Python lists are displayed with square brackets by default when printed. Sometimes you need to display list contents without these brackets for better formatting or presentation purposes. This article covers six different methods to remove square brackets from Python lists.

Method 1: Using str() and replace()

The simplest approach is to convert the list to a string and replace the bracket characters with empty strings

# List containing elements
names = ["Jack", "Harry", "Sam", "Daniel", "John"]

# Convert to string and remove brackets
result = str(names).replace('[', '').replace(']', '')
print(result)
'Jack', 'Harry', 'Sam', 'Daniel', 'John'

Method 2: Using List Comprehension with join()

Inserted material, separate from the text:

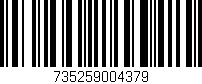Código de barras (EAN, GTIN, SKU, ISBN): '735259004379'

This method converts each element to a string and joins them with a separator

# List with elements
letters = ['A', 'B', 'C', 'D', 'E']

# Join elements with comma and space
result = ', '.join([str(element) for element in letters])
print(result)
A, B, C, D, E

Method 3: Using map() with join()

The map() function applies str() to each element, then join() combines them

# List with numbers
numbers = [1, 2, 3, 4, 5]

# Convert to strings and join
result = ', '.join(map(str, numbers))
print(result)
1, 2, 3, 4, 5

Method 4: Using strip()

Convert the list to string and strip the first and last bracket characters

# List with elements
items = ['P', 'Q', 'R', 'S', 'T']

# Convert to string and strip brackets
result = str(items).strip('[]')
print(result)
'P', 'Q', 'R', 'S', 'T'

Method 5: Using re Module

Regular expressions can match and replace bracket patterns

import re

# List with numbers
data = [1, 2, 3, 4, 5]

# Remove brackets using regex
result = re.sub(r'[\[\]]', '', str(data))
print(result)
1, 2, 3, 4, 5

Method 6: Using translate()

Create a translation table to remove specific characters

# List with numbers
values = [1, 2, 3, 4, 5]

# Create translation table and remove brackets
result = str(values).translate(str.maketrans('', '', '[]'))
print(result)
1, 2, 3, 4, 5

Comparison

Method Best For Readability Performance
join() with comprehension Clean formatting High Fast
map() with join() Functional programming High Fast
replace() Quick solutions Medium Medium
strip() Simple lists High Fast
re.sub() Complex patterns Low Slower
translate() Character removal Low Fast

Conclusion

Use join() with list comprehension or map() for clean, readable output formatting. For simple bracket removal from string representations, strip() or replace() work well. Choose the method that best fits your specific use case and coding style.